What is SLURM?

SLRUM is a job-scheduling manager for Unix clusters. It allows easy request for resources and job submission on computing platform such as Nero. A SLURM batch script consists of two parts: resource requests and job steps.

Resource requests describe the amount of computing resource (CPUs, GPUs, memory, expected run time, etc.) that the job will need to run. These are commands prefixed with #SBATCH, and are interpreted by SLURM as parameters describing resource requests and submissions options.
Job steps describe tasks/scripts that needs to be executed.

Useful commands for monitoring jobs

sinfo: reports the partitions and nodes available
squeue -u <SUNetID>: reports the state of all submitted jobs under the UserID
scancel <jobID> or scancel -u <SUNetID>: cancel a pending or running job (the latter aborts all jobs under the UserID)
sbatch <submit_file_name>.sbatch: submit a job script named .sbatch

Sample submit.sbatch script (for Python)

You can create the following job submission script on Nero using a text editor such as vi by simply typing vi submit.sbatch for example. Type i to start inserting/editting and esc :wq to save and exit the text editor.

Most of the specifications should hopefully be self-explanatory. You should, of course, adjust the setting as deemed appropriate for the script you will be running. Here is an exhaustive documentation for reference and here is a shorter cheat-sheet for the essentials.

#!/bin/bash

#SBATCH --job-name=test
#SBATCH --partition=normal
#SBATCH --nodes=2    
#SBATCH --cpus-per-task=1
#SBATCH --ntasks-per-node=2
#SBATCH --mem-per-cpu=2G
#SBATCH --time 00:30:00   # format: d-hh:mm:ss
#SBATCH --output=test.log
#SBATCH --error=test.err

module load anaconda/3

python my_script.py

Note: module avail shows the modules available for loading on the cluster and module load <name_of_module> loads the corresponding module.

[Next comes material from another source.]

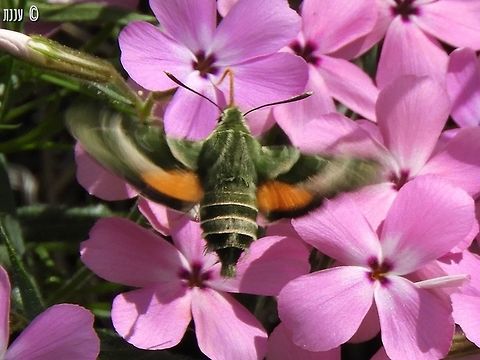 Proserpinus clarkiae - Clark's Day Sphinx last May, I hiked a little of Bizz Johnson trail in Susanville California - there were butterflies and moths all over the place! California,Clark's Day Sphinx,Clark's Sphinx,Geotagged,Proserpinus clarkiae,Spring,United States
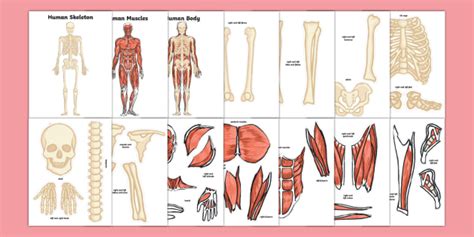 Skeletal Muscles Diagram For Kids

After submitting the script to the job queue using sbatch submit.sbatch, you can easily manage its status with the commands from the previous section. After it finishes running the my_script.py file, it will output a log file test.log and a file test.err that catches any error message (if any) during the execution. You can check out the files using cat test.err, for example.